Busted! Cold busted!
I was attempting to sneak my 20 gauge shotgun out of the house for a little target practice. Or it may have been just to shoot aimlessly up into the air and scare Mr. Martin's sheep. I can't remember. Whatever the reason, I tried to do something I knew I could not get permission to do and got caught.
It is either inborn or quickly learned, this desire to get away with something, to do things that we know are harmful, all the while hoping that we won't suffer any negative consequences.
To see just what Americans would chose to do, if they knew that the activity would not be harmful, The Wall Street Journal recently took a survey. Suppose, they wondered, that many of the habits which we now believe are unhealthy were found to be completely safe. How many people would choose to live differently?
As published in a recent edition, here is the simple question, with seven possible answers.

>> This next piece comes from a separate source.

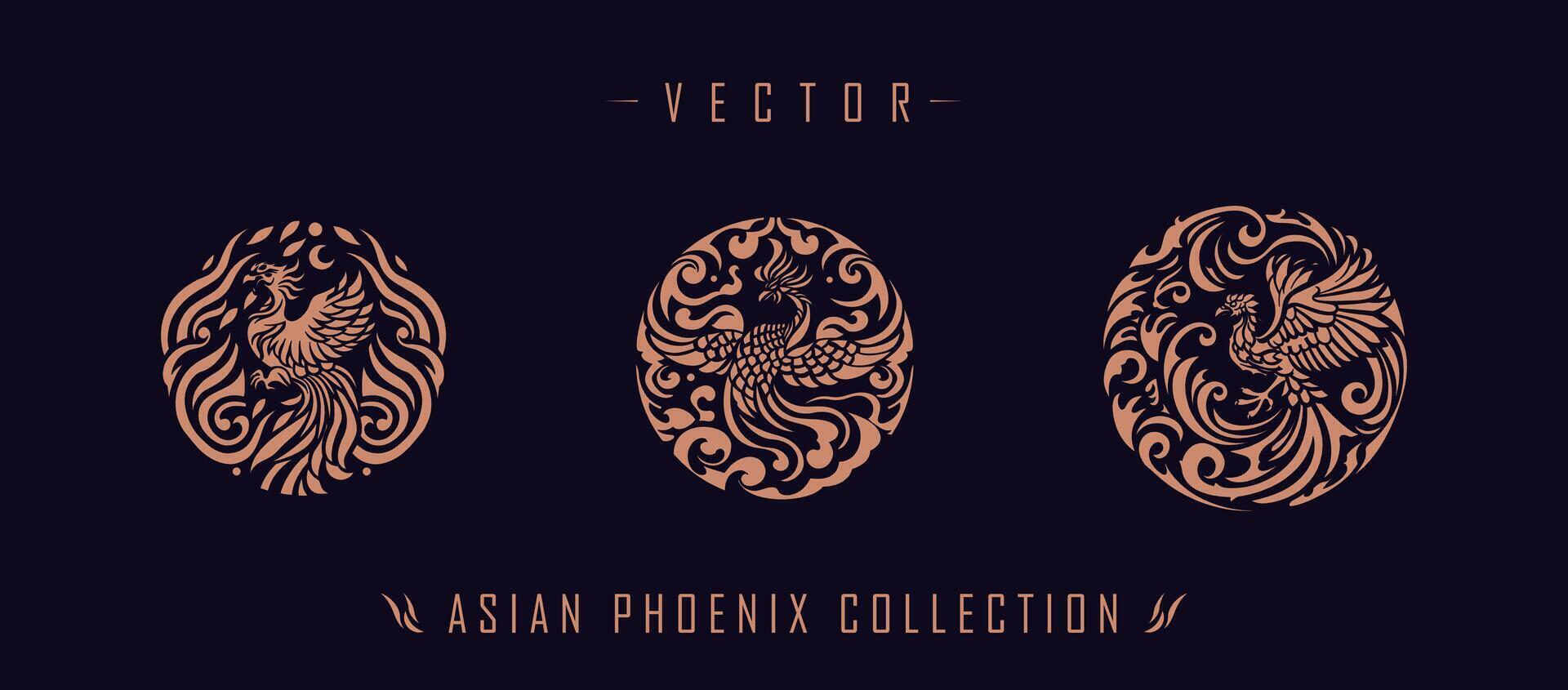 Asian traditional phoenix pattern ancient Chinese phoenix vector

"Which of the following things would make you happiest to be able to do without worrying about the effect on your health?"
*Drink all the coffee you want.
*Get a good tan without worrying about exposure to the sun.
*Have sex without taking safe-sex precautions.
*Smoke cigarettes or cigars.
*Eat all the high-salt, high fat foods you want.
*Stay up late at night.
*Drink all the alcoholic beverages you want.
As one who is always on a diet, it came as no surprise to me that 30 percent of the men surveyed chose pigging out as the number one answer. Forty-five percent of the women surveyed put that answer in first place.
Second for male respondents was the safe sex question, but it ranked next to last for the ladies -- and thereby hangs a tale. It may be violating the current politically correct thinking (and a great deal of it should be violated), but I think that the survey says men may be prone to behave in careless, frivolous fashions while women are looking for something meaningful, something permanent. Granted, that may be a stereotype, but it is the way the poll was answered.
The women surveyed chose safe tanning as their second favorite forbidden for-reasons-of-health activity.
Drinking alcoholic beverages ranked lowest for both groups. Maybe we are showing some common sense, after all.
There is definite evidence from this simple poll that most of us are tired of counting calories and fat grams, and may be returning to bad eating habits. Harry Balzer, a marketing researcher notes that the four fastest-growing food orders in restaurants are hamburgers, french fries, soft drinks, chicken nuggets. When health benefits are seen to be 40 years away, the "now" factor becomes more important.
We know the wrong kind of foods can lead to more problems than too tight clothes, but we still eat them. We know that tobacco does more damage than give us bad breath, but over 25 percent of us still suck death into our lungs, and teenagers by the tens of thousands start every day.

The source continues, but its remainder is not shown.